Records for the exercise:
☆ ☆ ☆

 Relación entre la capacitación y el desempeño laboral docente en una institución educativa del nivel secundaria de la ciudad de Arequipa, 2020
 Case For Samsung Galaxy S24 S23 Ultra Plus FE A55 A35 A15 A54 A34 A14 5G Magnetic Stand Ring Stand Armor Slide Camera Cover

☆ ☆ ☆

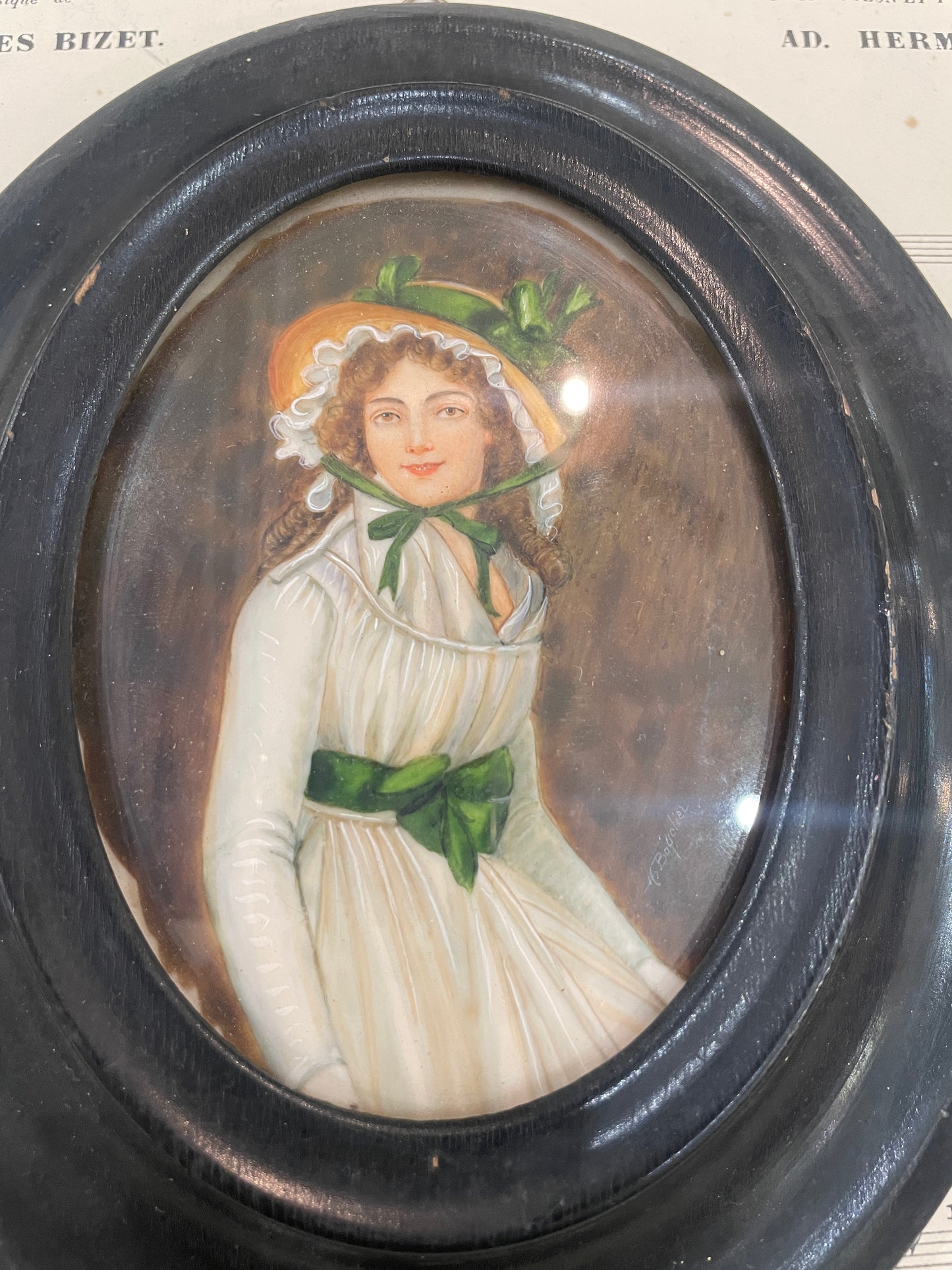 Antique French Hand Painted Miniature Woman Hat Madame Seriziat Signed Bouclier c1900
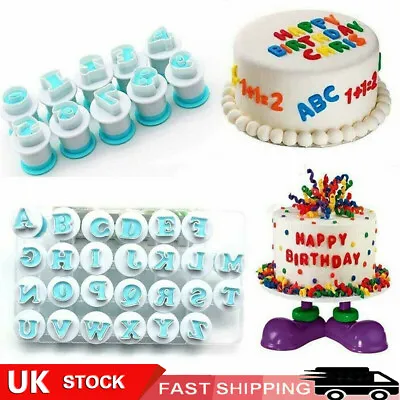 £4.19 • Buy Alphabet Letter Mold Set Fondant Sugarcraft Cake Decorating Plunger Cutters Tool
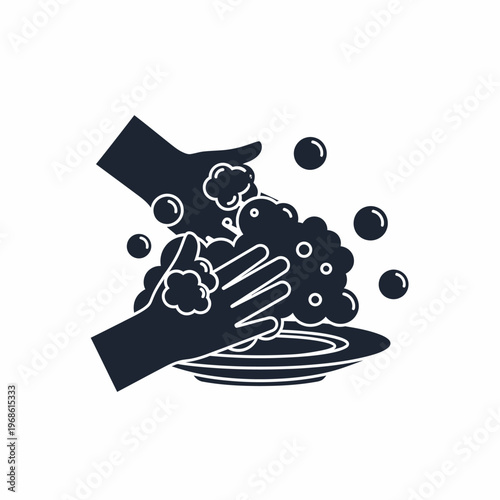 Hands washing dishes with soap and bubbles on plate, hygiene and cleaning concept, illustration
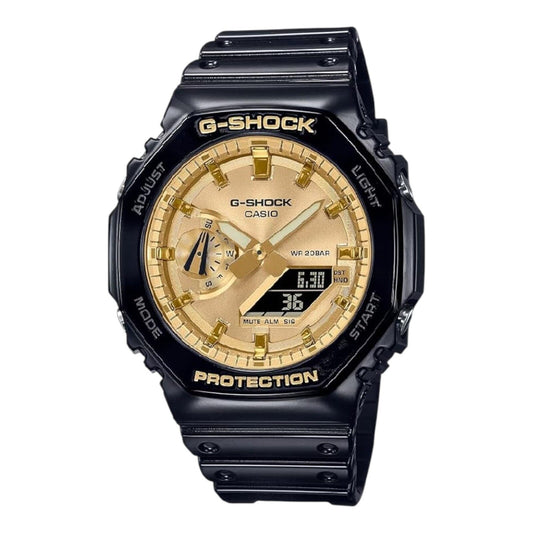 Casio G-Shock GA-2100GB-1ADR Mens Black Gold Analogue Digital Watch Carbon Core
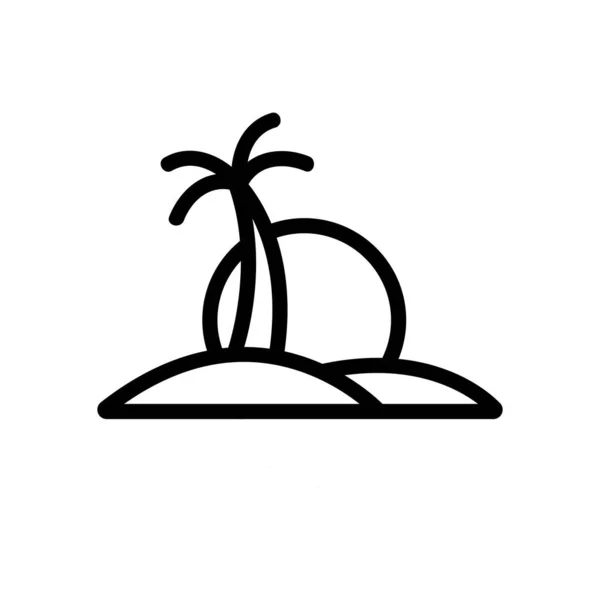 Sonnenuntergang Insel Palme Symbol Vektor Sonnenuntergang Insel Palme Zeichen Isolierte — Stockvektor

☆ ☆ ☆

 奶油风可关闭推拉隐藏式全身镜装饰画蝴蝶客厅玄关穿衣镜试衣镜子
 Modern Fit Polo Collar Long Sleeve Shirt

☆ ☆ ☆

Exercise brief: Above are the entries. Output exactly the lines beginning with the line that has "Relación entre la" and ending with the line that has "Case For Samsung".

Answer box:
 Relación entre la capacitación y el desempeño laboral docente en una institución educativa del nivel secundaria de la ciudad de Arequipa, 2020
 Case For Samsung Galaxy S24 S23 Ultra Plus FE A55 A35 A15 A54 A34 A14 5G Magnetic Stand Ring Stand Armor Slide Camera Cover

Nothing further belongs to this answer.